The initial reaction is to presume the Steroid Era began in 1988, when Jose Canseco used steroids to become the game’s first player to hit 40 home runs and steal 40 bases en route to the Most Valuable Player Award. This was such a noteworthy event, and since Canseco has become the poster boy for steroids (apologies to Bonds, Giambi and McGwire), it will be easiest to look back at that year as the beginning of the era. It’s hard to argue that Canseco in and of himelf is enough to warrant marking the beginning of a tainted era, but from a historical/statistical standpoint it isn’t accurate. Sure drugs were affecting the game at that point but even Canseco admits not many players were using at that time. I imagine drug use prior to 1992 was on par with what it will be in the future. There was no testing then, but the drugs were less sophisticated, there were fewer of them, and there were fewer experts to advise athletes on how to take them; this may be similar to a decent testing program and the widely available drugs of today. This is not to say we shouldn’t investigate this time, but to group 1985-1991 into the Steroid Era wouldn’t suit historians. For these reasons and a more detailed analysis below, this article is suggesting that the Steroid Era began in 1992 and ended (hopefully/presumably) in 2006. This is how it would look.
1992-2006
When did the steroid era start?
There has been much discussion of players bulking up during the strike in 1994. In 1995 Albert Belle hit 50 home runs in what would be just the beginning of things to come. The following season, 1996, was maybe the most inflated offensive season ever.
But really, 1994 was the return of the 50-homer season, even though there were none.
There were six players on pace for 50 home runs in 1994 when the players went on strike. Those players, Matt Williams, Jeff Bagwell, Frank Thomas, Barry Bonds and Albert Belle would have been the first players since 1990 when Cecil Fielder hit 51. To put things in perspective, besides Fielder, the only 50 home run season since Roger Maris and Mickey Mantle both topped the mark in 1961 was in 1977 when George Foster hit 52 for the Reds. That’s two 50 home run seasons in the 32 years following the 1961 season.
Of course there were fifteen 50 home run seasons between 1995 and 2002.
Operation Equine was an FBI investigation targeting anabolic steroid dealers that led to 70 trafficking convictions in the early 1990s. In 2005, FBI informants revealed that Curtis Wenzlaff, who had been arrested for steroid distribution in 1992, supplied steroids to Jose Canseco and Mark McGwire among others.
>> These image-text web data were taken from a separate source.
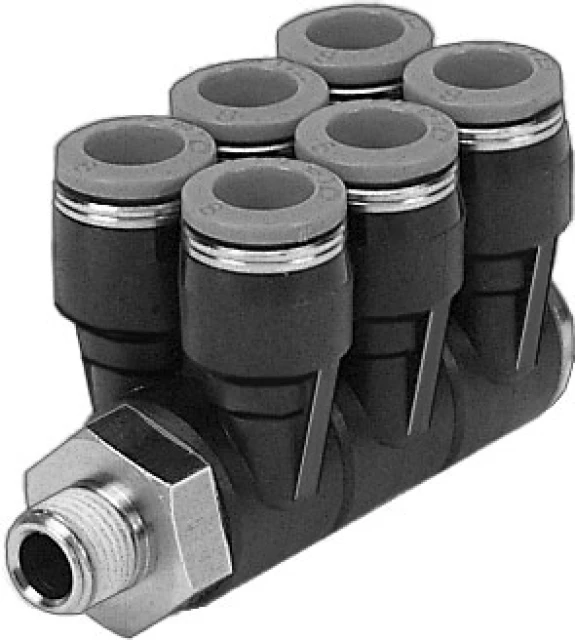 Коллектор цанговый поворотный с шестью выходами Festo QSLV6-1/4-8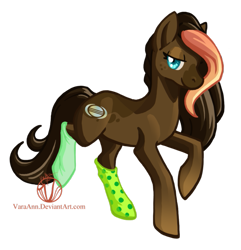 Size: 877x910 | Tagged: safe, artist:varaann, derpibooru import, oc, oc only, oc:artistyx, earth pony, pony, clothes, socks, solo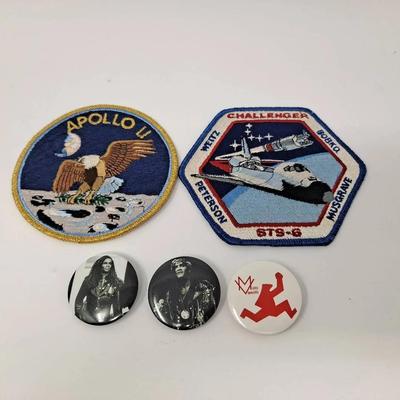 Collectible Button Pins and NASA Patches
Jose Canseco was traded to the Texas Rangers on August 31, 1992. If you believe his story from his book, Juiced, Canseco began educating and systematically doping Rafael Palmeiro, Juan Gonzalez, and Ivan Rodriguez at this time. Canseco began using steroids in 1985 in double-A but even Canseco said steroid use was pretty rare then. For a guy in a hurry to reveal steroid users and detail the scope of steroid use, Canseco’s steroid accounts of others all are from 1992 or later.
There were surely players using steroids prior to 1992. Tom House’s admission that he and other players used steroids in the 1970s put things in perspective, but it was 1992 and 1993 when Canseco, McGwire, Palmeiro, Rodriguez, Gonzalez, and Lenny Dykstra were all implicated. 1990 might be a better guess as to when a lot of these guys started using performance-enhancing drugs, but 1992 was the beginning of hard evidence.
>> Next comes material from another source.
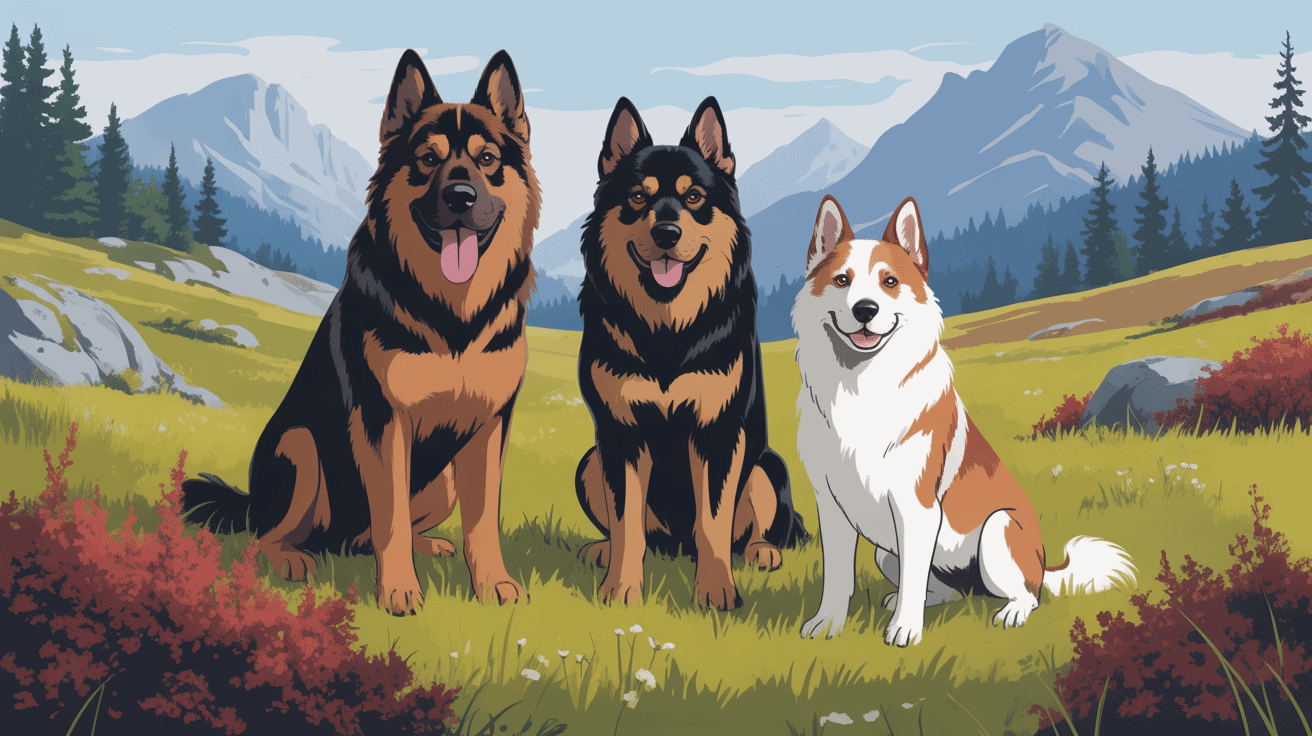 Trois race chien loup paysage montagne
When did the steroid era end?
Major League Baseball did its survey testing in 2003. Even though 96 players reportedly tested positive for a banned substance exceeding the 5% threshold set to kick in a full testing program in 2004, at the first hint of steroid control, the 50 home run season had vanished.
MLB instituted their first drug testing program in 2004 amid calls that it didn’t go nearly far enough. The penalty for a first offence (not including 2003) was counseling and further testing.
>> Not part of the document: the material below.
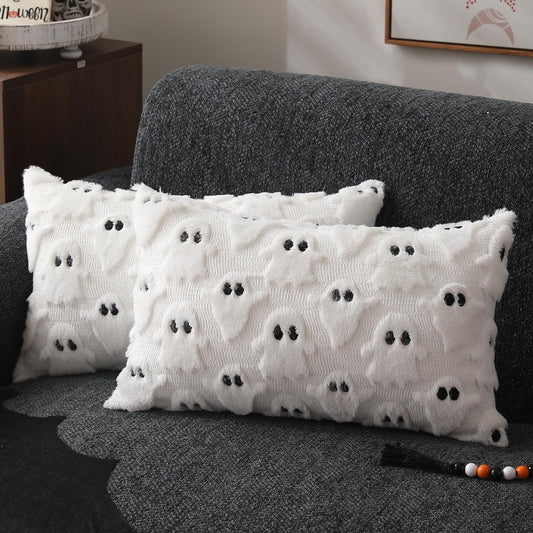 Halloween Pillow Covers 12X20 Inch Set of 2 White Ghost Throw Pillow Cases Soft Plush Faux Fur Wool Couch Cushion Case for Chair Sofa Bedroom Living Room Home Decor PTK03A12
It wasn’t until 2005 that players faced a true threat. Any player failing an drug test would be suspended for 15 games and have their name revealed to the media. 12 players failed tests in 2005. Baseball called it a dramatic decline while the critics still maintained the program had giant loopholes and wasn’t severe enough.
In 2006 the suspension for a first offense increased to 50 games. Only one player, Colorado Rockies pitcher Yusaku Iriki failed a test.
As the BALCO and Jason Grimsley scandals played out in the news in 2005 and 2006, players had a new threat. BALCO documents revealed hGH was an important part of advanced steroid cocktails. Grimsley had been suspended for 50 games without ever testing positive. He admitted to IRS Special Agents that he had only used human growth hormone (hGH) since MLB instituted its testing policy in 2004. There is still no reliable test for hGH and no test in baseball at all. But thanks to the Grimsley sting specifically there is finally a serious public risk in using hGH. Players now know that government officials are tracking hGH supplies and clamping down on bogus prescriptions.
While statistics began normalizing in 2003, it’s hard to argue the steroid era was over without even the slightest deterrent from using hGH. Ryan Howard’s youth and David Ortiz’s consistency and belly will help them be interpreted favorably for their 2006 seasons, but the year began with the Grimsley story breaking and ended with Roger Clemens, Andy Pettitte, Miguel Tejada, Brian Roberts, and Jay Gibbons linked to ‘anabolic steroids’ or ‘athletic performance-enhancing drugs.’
2007 will be the first season with a full set of deterrents (though hugely flawed) and precedent to really curb drug use. If baseball can make it through a year with no more steroid scandals or super-human feats, fans and media should declare the era over. Drug use will be a part of every era from now on, but never again will it go unchecked.